Les grands albatros acquièrent cette maîtrise des techniques de navigation et d'économie d'énergie au cours d'une période d'immaturité extrêmement longue, plus de dix ans. Doués d'une grande longévité (de nombreux individus de la population étudiée sont âgés de plus de cinquante ans), les adultes vont améliorer tout au long de leur vie leur capacité à élever des descendants de bonne qualité, mais ne produisent qu'un poussin tous les deux ans. Lorsque la reproduction est terminée, ils prennent en effet une année «sabbatique» pendant laquelle ils resteront en permanence en mer. Ce que font ces oiseaux océaniques pendant cette année sabbatique restait un mystère jusqu'à aujourd'hui !
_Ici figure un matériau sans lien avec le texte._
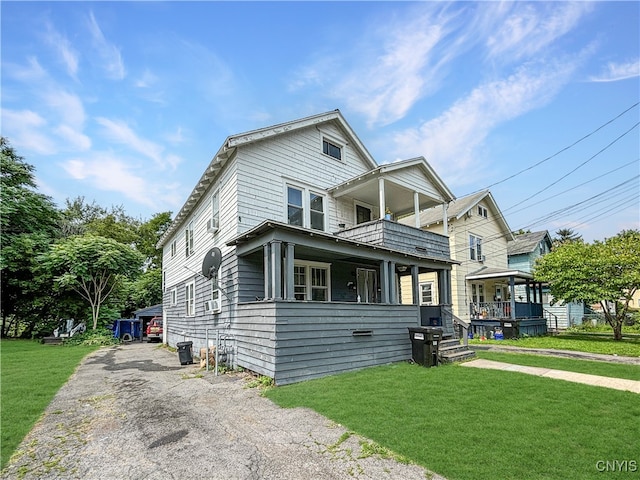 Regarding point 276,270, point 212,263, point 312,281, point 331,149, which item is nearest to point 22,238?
point 212,263

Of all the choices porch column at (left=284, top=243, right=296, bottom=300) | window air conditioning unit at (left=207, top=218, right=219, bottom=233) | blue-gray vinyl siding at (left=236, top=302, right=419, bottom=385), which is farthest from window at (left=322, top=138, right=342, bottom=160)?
blue-gray vinyl siding at (left=236, top=302, right=419, bottom=385)

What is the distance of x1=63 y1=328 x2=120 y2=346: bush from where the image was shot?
63.2 ft

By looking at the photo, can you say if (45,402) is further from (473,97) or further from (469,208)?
(469,208)

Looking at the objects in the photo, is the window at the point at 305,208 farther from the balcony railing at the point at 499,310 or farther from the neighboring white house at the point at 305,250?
the balcony railing at the point at 499,310

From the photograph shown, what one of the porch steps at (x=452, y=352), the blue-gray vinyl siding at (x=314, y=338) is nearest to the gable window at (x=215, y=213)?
the blue-gray vinyl siding at (x=314, y=338)

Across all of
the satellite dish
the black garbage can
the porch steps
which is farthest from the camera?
the black garbage can

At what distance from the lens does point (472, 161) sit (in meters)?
18.3

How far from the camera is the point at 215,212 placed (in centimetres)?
1215

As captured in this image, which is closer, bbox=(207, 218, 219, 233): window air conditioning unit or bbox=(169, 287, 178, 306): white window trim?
bbox=(207, 218, 219, 233): window air conditioning unit

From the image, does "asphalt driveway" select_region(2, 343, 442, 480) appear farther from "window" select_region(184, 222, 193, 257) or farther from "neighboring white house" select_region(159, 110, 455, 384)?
"window" select_region(184, 222, 193, 257)

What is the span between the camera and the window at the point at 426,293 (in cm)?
1930

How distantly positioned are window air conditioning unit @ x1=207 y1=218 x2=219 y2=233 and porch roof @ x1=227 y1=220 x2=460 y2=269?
6.15 feet

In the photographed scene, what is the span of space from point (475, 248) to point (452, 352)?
39.9 feet

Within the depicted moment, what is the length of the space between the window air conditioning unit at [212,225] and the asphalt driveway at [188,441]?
541 cm
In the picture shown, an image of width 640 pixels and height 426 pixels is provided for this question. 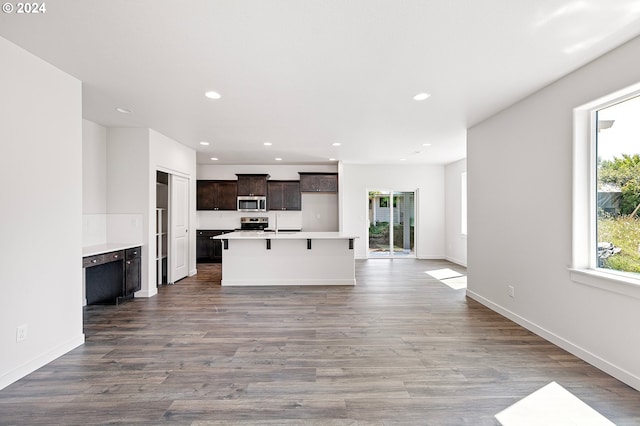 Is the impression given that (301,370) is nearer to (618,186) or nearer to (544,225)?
(544,225)

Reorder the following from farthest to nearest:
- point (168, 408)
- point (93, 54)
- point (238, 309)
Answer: point (238, 309) < point (93, 54) < point (168, 408)

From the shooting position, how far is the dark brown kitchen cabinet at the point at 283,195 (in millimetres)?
7855

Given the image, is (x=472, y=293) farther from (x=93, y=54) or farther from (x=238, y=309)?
(x=93, y=54)

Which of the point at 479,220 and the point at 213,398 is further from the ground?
the point at 479,220

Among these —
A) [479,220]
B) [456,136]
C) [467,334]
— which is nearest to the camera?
[467,334]

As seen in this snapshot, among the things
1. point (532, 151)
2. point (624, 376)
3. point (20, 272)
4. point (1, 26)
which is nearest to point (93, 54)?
point (1, 26)

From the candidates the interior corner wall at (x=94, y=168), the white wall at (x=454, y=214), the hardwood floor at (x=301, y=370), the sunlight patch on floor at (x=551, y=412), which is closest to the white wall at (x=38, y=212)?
the hardwood floor at (x=301, y=370)

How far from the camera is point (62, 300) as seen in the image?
270 centimetres

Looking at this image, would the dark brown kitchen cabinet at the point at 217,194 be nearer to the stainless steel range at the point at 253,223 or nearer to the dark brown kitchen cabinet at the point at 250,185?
the dark brown kitchen cabinet at the point at 250,185

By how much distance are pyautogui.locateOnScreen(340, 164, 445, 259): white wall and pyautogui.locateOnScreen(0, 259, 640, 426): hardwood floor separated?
4325 mm

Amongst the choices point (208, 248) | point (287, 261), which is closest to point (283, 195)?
point (208, 248)

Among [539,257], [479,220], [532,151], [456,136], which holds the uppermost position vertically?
[456,136]

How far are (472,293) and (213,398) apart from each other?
12.8 ft

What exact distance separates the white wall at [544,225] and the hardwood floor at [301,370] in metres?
0.22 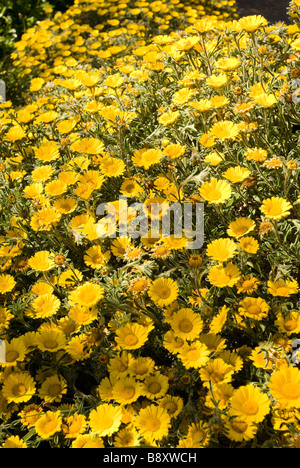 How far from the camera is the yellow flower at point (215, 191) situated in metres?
1.86

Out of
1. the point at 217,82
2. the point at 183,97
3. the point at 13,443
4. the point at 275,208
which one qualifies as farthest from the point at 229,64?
the point at 13,443

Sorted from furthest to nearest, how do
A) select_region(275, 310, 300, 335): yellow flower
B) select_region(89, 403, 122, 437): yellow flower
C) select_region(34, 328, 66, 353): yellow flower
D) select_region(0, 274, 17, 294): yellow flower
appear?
select_region(0, 274, 17, 294): yellow flower < select_region(34, 328, 66, 353): yellow flower < select_region(275, 310, 300, 335): yellow flower < select_region(89, 403, 122, 437): yellow flower

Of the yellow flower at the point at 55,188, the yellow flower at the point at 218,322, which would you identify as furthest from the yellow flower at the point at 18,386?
the yellow flower at the point at 55,188

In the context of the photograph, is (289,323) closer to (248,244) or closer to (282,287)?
(282,287)

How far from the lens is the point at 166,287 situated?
1748 millimetres

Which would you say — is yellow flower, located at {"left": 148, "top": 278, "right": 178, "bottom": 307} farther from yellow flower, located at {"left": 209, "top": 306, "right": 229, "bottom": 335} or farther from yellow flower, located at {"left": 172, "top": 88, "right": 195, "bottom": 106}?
yellow flower, located at {"left": 172, "top": 88, "right": 195, "bottom": 106}

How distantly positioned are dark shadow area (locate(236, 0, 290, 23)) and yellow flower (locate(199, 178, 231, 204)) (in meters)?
4.91

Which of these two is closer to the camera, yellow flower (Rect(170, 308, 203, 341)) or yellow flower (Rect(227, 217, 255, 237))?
yellow flower (Rect(170, 308, 203, 341))

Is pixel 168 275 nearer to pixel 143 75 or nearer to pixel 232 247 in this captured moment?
pixel 232 247

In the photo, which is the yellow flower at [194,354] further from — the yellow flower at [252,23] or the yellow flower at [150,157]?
the yellow flower at [252,23]

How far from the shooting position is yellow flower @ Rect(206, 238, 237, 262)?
5.59 ft

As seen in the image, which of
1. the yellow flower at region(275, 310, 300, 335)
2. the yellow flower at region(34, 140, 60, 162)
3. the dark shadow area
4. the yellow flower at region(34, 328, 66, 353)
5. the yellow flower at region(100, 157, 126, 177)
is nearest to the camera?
the yellow flower at region(275, 310, 300, 335)

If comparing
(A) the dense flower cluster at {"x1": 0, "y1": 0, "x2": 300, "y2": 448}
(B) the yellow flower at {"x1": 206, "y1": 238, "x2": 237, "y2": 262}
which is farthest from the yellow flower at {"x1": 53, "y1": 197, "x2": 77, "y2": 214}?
(B) the yellow flower at {"x1": 206, "y1": 238, "x2": 237, "y2": 262}

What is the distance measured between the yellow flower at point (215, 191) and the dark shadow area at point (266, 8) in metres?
4.91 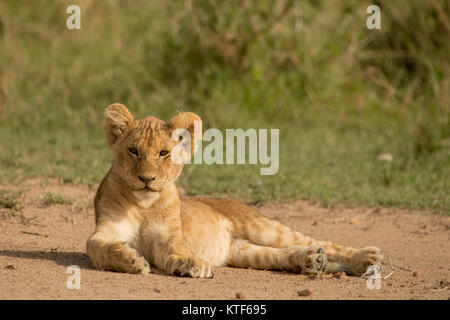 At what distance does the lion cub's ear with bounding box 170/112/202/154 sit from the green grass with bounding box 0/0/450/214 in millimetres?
2694

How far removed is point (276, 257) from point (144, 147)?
1294 millimetres

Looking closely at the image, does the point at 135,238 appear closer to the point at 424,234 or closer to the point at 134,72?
the point at 424,234

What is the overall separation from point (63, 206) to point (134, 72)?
15.6ft

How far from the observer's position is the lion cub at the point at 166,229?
455cm

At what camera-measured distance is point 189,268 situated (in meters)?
4.46

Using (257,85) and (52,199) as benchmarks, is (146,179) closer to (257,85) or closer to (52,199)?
(52,199)

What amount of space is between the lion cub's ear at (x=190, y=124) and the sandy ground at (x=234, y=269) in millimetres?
922

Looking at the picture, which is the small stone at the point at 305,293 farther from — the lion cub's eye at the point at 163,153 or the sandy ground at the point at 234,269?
the lion cub's eye at the point at 163,153

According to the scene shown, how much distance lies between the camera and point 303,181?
7832 mm

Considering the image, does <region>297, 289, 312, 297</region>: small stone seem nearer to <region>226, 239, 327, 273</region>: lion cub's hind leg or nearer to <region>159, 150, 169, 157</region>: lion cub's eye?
<region>226, 239, 327, 273</region>: lion cub's hind leg

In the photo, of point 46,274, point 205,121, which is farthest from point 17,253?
point 205,121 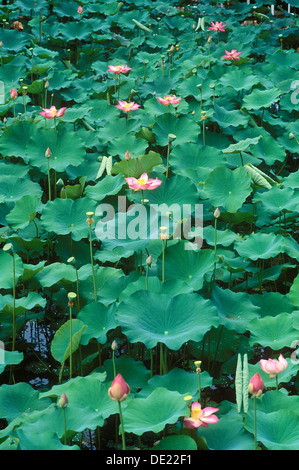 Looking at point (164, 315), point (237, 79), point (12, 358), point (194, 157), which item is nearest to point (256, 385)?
point (164, 315)

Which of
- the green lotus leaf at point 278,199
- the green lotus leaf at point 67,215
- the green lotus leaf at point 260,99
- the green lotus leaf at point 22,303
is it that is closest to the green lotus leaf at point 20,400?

Un secteur océanique propre

Pour étudier les déplacements de ces oiseaux pendant une année entière, les chercheurs du CNRS ont utilisé de minuscules systèmes de géolocalisation. Ces appareils électroniques enregistrent l'intensité lumineuse et la température toutes les minutes, avec des capacités mémoires de plus de deux ans. De retour après leur année sabbatique sur leur site de reproduction à Crozet, les enregistreurs ont pu être récupérés et les déplacements des oiseaux ont été reconstitués grâce à des algorithmes développés par Rory Wilson. À partir de la mesure de lumière, il est possible de connaître chaque jour les heures de coucher et de lever du soleil, qui changent par rapport au point de départ si l'oiseau se déplace vers l'ouest ou vers l'est. La différence avec l'heure de coucher du soleil au point de départ permet de déterminer la longitude. La latitude est estimée à partir de la durée du jour, et autour des équinoxes grâce aux températures de surface de la mer mesurées par l'enregistreur. Au cours de son année sabbatique, chaque albatros se rend dans un secteur océanique où il passe le reste de l'année. Pour les deux partenaires du même couple par exemple, la femelle a passé son année sabbatique dans des eaux tropicales au sud de Madagascar, le mâle lui au bord de la glace de mer qui borde le continent antarctique. Chaque albatros possède ainsi un secteur océanique propre qu'il va visiter tous les deux ans, tout au long de sa vie.

Menacé d'extinction

Le grand albatros, comme de nombreuses autres espèces d'oiseaux marins, est menacé par les activités humaines, notamment par le développement de la pêche. Plusieurs espèces d'albatros sont menacées d'extinction et la plupart sont en déclin. Grâce aux suivis à long terme menés dans les terres australes depuis près de quarante ans, les chercheurs disposent d'informations démographiques permettant de comprendre les causes démographiques du déclin des populations. Le suivi en mer pendant et en dehors de la reproduction permet de quantifier le recouvrement entre les populations et les pêcheries. Ces informations sont aujourd'hui essentielles pour protéger ces espèces dans le cadre des conventions internationales qui fixent les quotas et les efforts de pêche dans l'océan Austral. Les études fondamentales réalisées sur terre et en mer sur ces oiseaux emblématiques constituent ainsi des outils précieux pour la conservation de l'écosystème antarctique. Elles permettent également de mesurer l'influence de la variabilité environnementale sur les prédateurs marins.